* _Exercise goal_
Every entry needs to be reproduced exactly.
Provided data Block Start
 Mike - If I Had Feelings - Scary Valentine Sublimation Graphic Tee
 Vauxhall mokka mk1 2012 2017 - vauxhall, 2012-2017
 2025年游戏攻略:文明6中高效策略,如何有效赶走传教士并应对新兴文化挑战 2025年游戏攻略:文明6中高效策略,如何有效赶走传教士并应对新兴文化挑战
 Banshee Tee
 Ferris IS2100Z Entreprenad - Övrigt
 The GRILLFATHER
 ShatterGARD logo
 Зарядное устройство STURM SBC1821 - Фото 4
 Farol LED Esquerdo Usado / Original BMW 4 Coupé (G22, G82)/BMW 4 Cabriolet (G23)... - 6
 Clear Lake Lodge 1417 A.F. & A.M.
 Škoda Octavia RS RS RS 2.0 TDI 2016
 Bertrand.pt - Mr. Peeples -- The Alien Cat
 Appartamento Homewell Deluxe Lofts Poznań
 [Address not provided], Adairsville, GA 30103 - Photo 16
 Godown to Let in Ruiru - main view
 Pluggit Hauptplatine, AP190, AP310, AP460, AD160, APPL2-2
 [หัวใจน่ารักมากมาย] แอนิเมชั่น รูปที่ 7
Provided data Block End
* _Response_
 Mike - If I Had Feelings - Scary Valentine Sublimation Graphic Tee
 Vauxhall mokka mk1 2012 2017 - vauxhall, 2012-2017
 2025年游戏攻略:文明6中高效策略,如何有效赶走传教士并应对新兴文化挑战 2025年游戏攻略:文明6中高效策略,如何有效赶走传教士并应对新兴文化挑战
 Banshee Tee
 Ferris IS2100Z Entreprenad - Övrigt
 The GRILLFATHER
 ShatterGARD logo
 Зарядное устройство STURM SBC1821 - Фото 4
 Farol LED Esquerdo Usado / Original BMW 4 Coupé (G22, G82)/BMW 4 Cabriolet (G23)... - 6
 Clear Lake Lodge 1417 A.F. & A.M.
 Škoda Octavia RS RS RS 2.0 TDI 2016
 Bertrand.pt - Mr. Peeples -- The Alien Cat
 Appartamento Homewell Deluxe Lofts Poznań
 [Address not provided], Adairsville, GA 30103 - Photo 16
 Godown to Let in Ruiru - main view
 Pluggit Hauptplatine, AP190, AP310, AP460, AD160, APPL2-2
 [หัวใจน่ารักมากมาย] แอนิเมชั่น รูปที่ 7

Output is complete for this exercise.